How can I persuade a group of adults to become children while watching this show?  I want to put them at their ease by saying, I don’t want to get into that magic stuff right away—I’m just like you, I’m freaked out about time.  Being late for the opening is really kind of me—completely scattered, never quite having it together, the keys are lost, I’m in a meeting and I have to step out to deal with my son who’s burned a hole in the pot in the kitchen.  I felt it was only fair to come clean.  I couldn’t be the omniscient narrator right off the bat, I had to screw it up, and with the audience try to allow us all to go back and hear a simple child-like story, if that doesn’t sound too pretentious.  As an actor, I felt like I had to go through the process, if the audience was going to go through it.  It seemed like the only way I could feel this was going to be comfortable and honest, in a way.
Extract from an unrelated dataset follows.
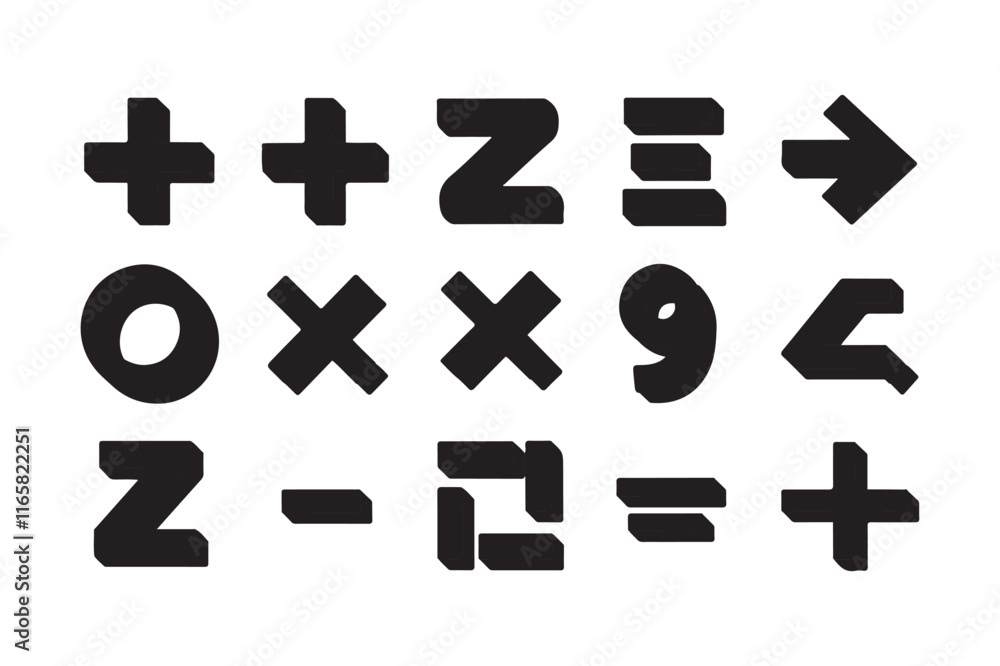 Obraz premium A mathematics icon set features symbols, tools, and visuals representing key concepts like equations, formulas, graphs, numbers, shapes, geometry, algebra, calculus, trigonometry, and statistics.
It’s a hell of a thing, telling your own story.  Standing up there and saying, “My name is Susan Coyne and I once had a fairy write to me.”  And not have everyone gag!

It reminds me of what Geoffrey tells Oliver in the first season of Slings and Arrows, that “drama is that willing suspension of disbelief for the moment that constitutes poetic faith.” It seems that the idea of poetic faith is really vital in your work.

Stanislavski calls it “the magic if.”  It’s such a lovely expression for any kind of art.  It’s always the magic if.